Tuesday, September 21, 2010

Get me off the downers......or Insanity versus lunacy

A few weeks ago I posted a quote that I heard that was one of the wisest things that has ever entered my ears. Tonight it went through my head and I heard it so clearly spoken. The definition of insanity is doing the same thing over and over but expecting a different result. Wow... I do not want to be called insane. I do not mind being called a lunatic because I believe a few thousand years ago that a man taught a whole bunch of stuff about real living, died (clearly with me in mind,) then came back to life (meaning His soul returned to His dead body and woke Him up) then He left the earth but then sent this His Spirit back to the earth to teach people. (This sounds like something I lunatic would believe, therefore I am fine with being called that name) But I would hate to be remembered as being insane. I just picture people driving by my house pointing at the guy that is waiting for oranges to appear on his apple tree. Hopefully some kind soul would stop and gently say, "Sir....you have to plant orange seeds to get oranges. It doesn't matter how much you do to that apple tree, it will never give you an orange."
I do not want to be that man! I want some people to start asking me, "what are you doing different to achieve the life that you want?" I want to be held accountable to the fact that my life has got to change in order to become a man. Childish things must be laid to rest. I want to be asked if this is happening regularly. I am tried of insanity. It is tiring. Being a lunatic is a phenomenal way to live. I derive the greatest of highs from lunacy. Insanity brings a total downer to party. Nobody likes a downer. Please people>>>>>>>>help me get off the downers!!!!

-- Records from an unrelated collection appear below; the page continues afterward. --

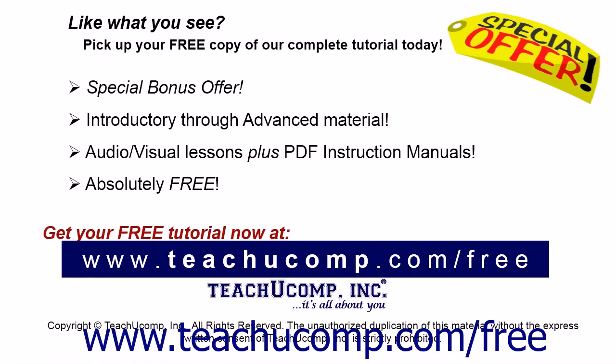Like what you see? Pick up your free copy of the complete tutorial at www.teachucomp.com/free.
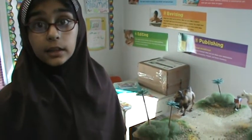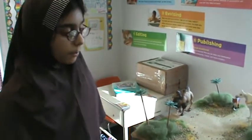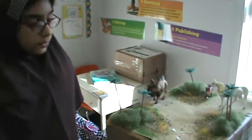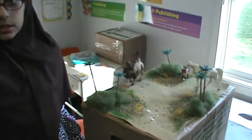Assalamu alaikum. My name is Hudaba. I am in fourth grade. I have made a model of the Arabian Desert.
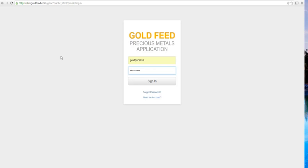Hi, welcome to the Goldfeed GoldPrice Live WooCommerce installation and demo tutorial. To get started, visit the app in your browser and sign in.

Thursday, September 16, 2010

A phenomenal love song

This post is simply to share a song by Andrew Peterson (video cheesy, song incredible) This is the best love song that I have heard in along time! It has encouraged me so much! Marriage is much more of a challenge than I would have imagined. It is so easy to have a mediocre one, but a great one is one that takes a deliberate, diligent, and humble approach. Dawn and I have had our share of mediocre times. We are in an extremely sweet spot despite the circumstances of life. I am overjoyed at the idea of continuing our story together, especially in the challenges of the future. This song communicates the past, present and future. I hope that this will encourage you to meditate on the promises that you made your wife/husband and go back to them and enjoy this life together!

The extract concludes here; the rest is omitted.